До того я с этим кредитом влип, что даже в церковь к причастию мы с женой и тещей стали по очереди ходить — потому на троих всего одна пара чувяков была!
Как увидал я, что вконец прогорает моя торговля, решил твердо-натвердо: «Никому больше в долг не даю! Хоть сам господь бог с неба явись, отправлю ни с чем, пока не выложит наличными!» Даже клятву дал. Встал на колени и вслух поклялся: «Господи Иисусе Христе, чтоб мне ослепнуть, если я с этого дня хоть одному человеку в долг поверю!» Осенил себя крестом, но еще с колен не успел встать, вижу, входит дружок родителя моего из Козанова, был у него такой, Митю, Воркун по прозвищу. Улыбается во весь рот, на плече — торба, кричит с порога:
— Привалило тебе, Коста, счастье! Пришел я для тридцати свадебщиков чувяки покупать! Показывай товар, у меня с собой мерки есть!
И вынимает из мешка горсть лучин — мерки, по которым он чувяки покупать собрался свадебщикам в подарок. Вот эти ему подай и те! И вон те еще и эти! Почти все, что у меня наработаны были, отобрал, в торбу свою затолкал и — к выходу.
— Постой, а деньги?
— Хлеб обмолочу — отдам! — отвечает. — Запиши в долг.
— Ах, в долг? Давай сюда товар!
Он глаза выпучил. Хочет уйти, а я его назад тащу.
Схватились мы крепко, отобрал я у него торбу, вытряс оттуда чувяки, схватил у Прыща секач и давай их рубить на мелкие кусочки. Все соседи сбежались.
— Да погоди, Коста! Будет тебе! Перестань!
— Никаких «погоди», никаких «перестань»! К чертовой матери, пропади они пропадом и чувяки эти, и ремесло мое распроклятое, и «Бакиш», и покупатели — обманщики и разорители, и весь этот растреклятый мир, который вовсе сбился с панталыку.

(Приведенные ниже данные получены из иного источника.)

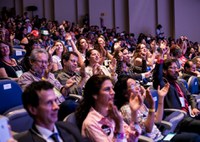 NOTA INFORMATIVA:  Condraf divulga novo cronograma da 3ª Conferência Nacional de Desenvolvimento Rural Sustentável e Solidário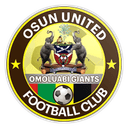 Osun Utd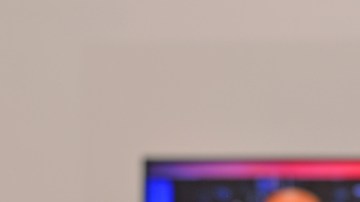 al día con las noticias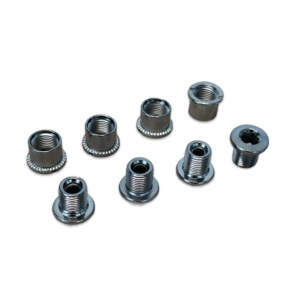 TMP BLADBOUTSET DUBBEL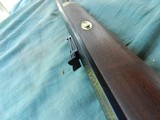 Thompson Center .50 cal Flintlock, Low Serial Number - Image 7 of 13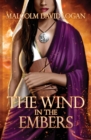 Image for The Wind in the Embers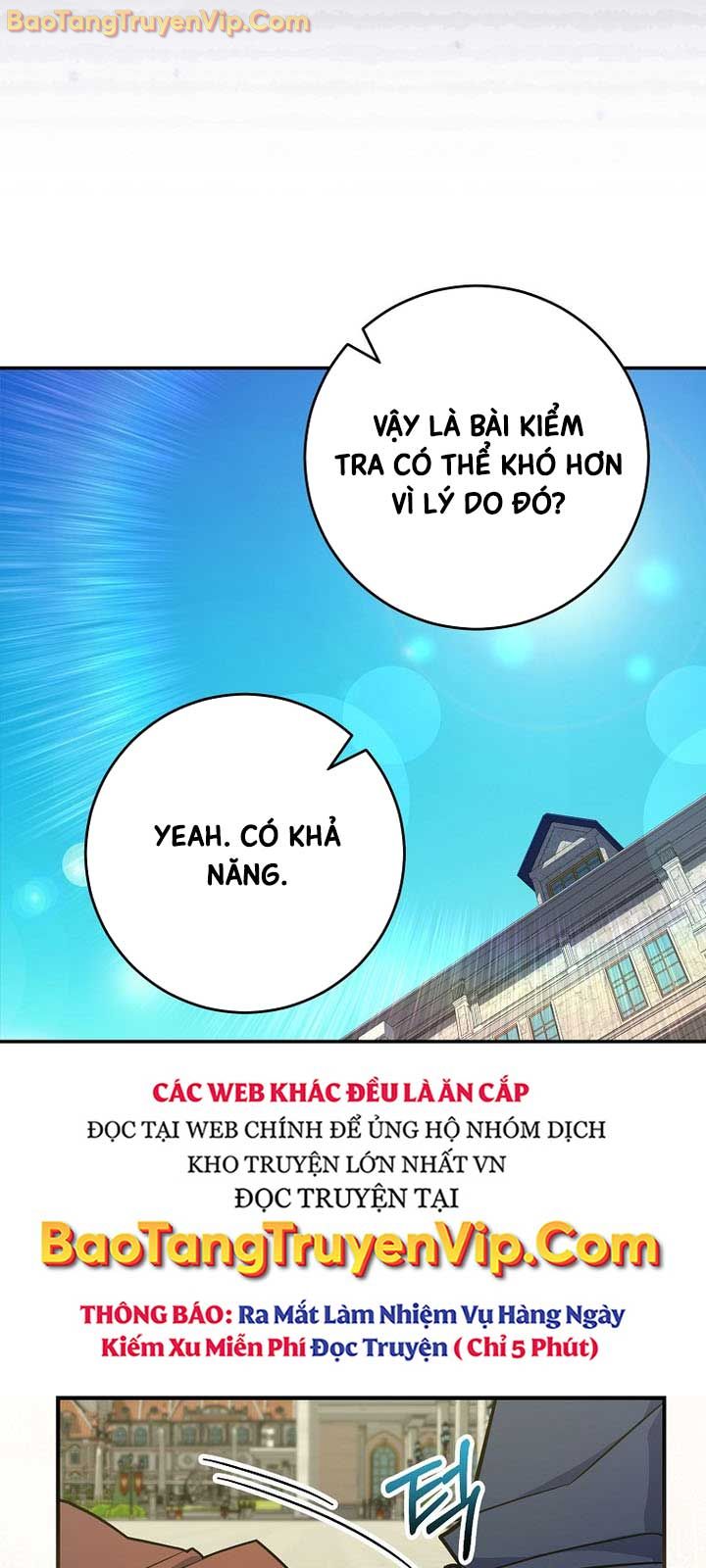 Chuyển Sinh Thành Thiên Tài Xuất Chúng Của Danh Môn Thế Gia chapter 51 - Trang 66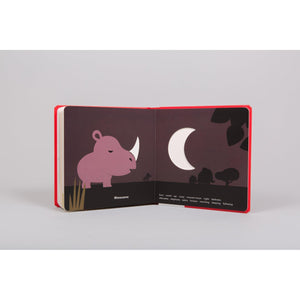 Eden Lifestyle, Books,  Wild Animals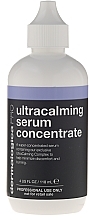 Fragrances, Perfumes, Cosmetics Serum Concentrate for Face - Dermalogica Ultracalming Serum Concentrate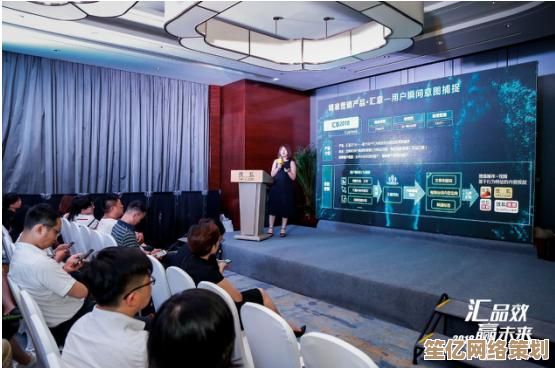 探索手机搜狐网快速获取精准信息的实用指南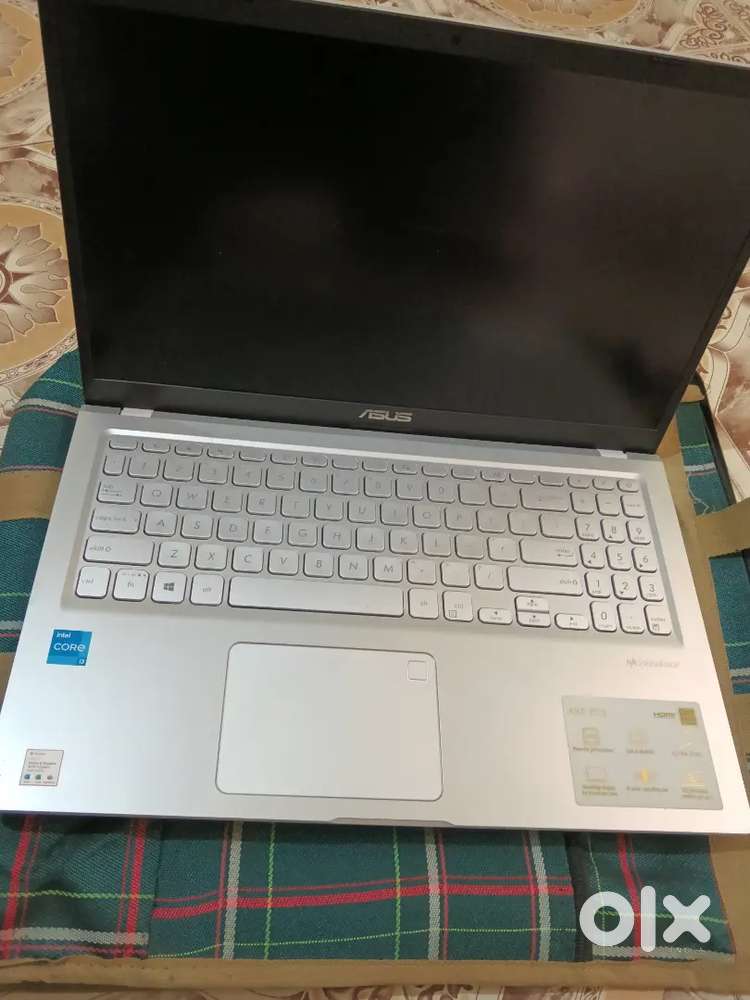 I3 excellent condition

Чертыхаюсь и рублю, рублю и чертыхаюсь, пока не порубил все чувяки в мелкую крошку. А потом швырнул секач и пошел. Не домой пошел, а вниз по реке, потому кипела во мне ярость и не хотелось на людей глядеть. Сел я на берегу, голову в воду окунул, поостыл, и вдруг до того легко стало! Нету больше должников, нету налоговых агентов, нету хапуг-полицейских, нету «Бакиша» — душителя моего. Ничего нету! Нету! Нету!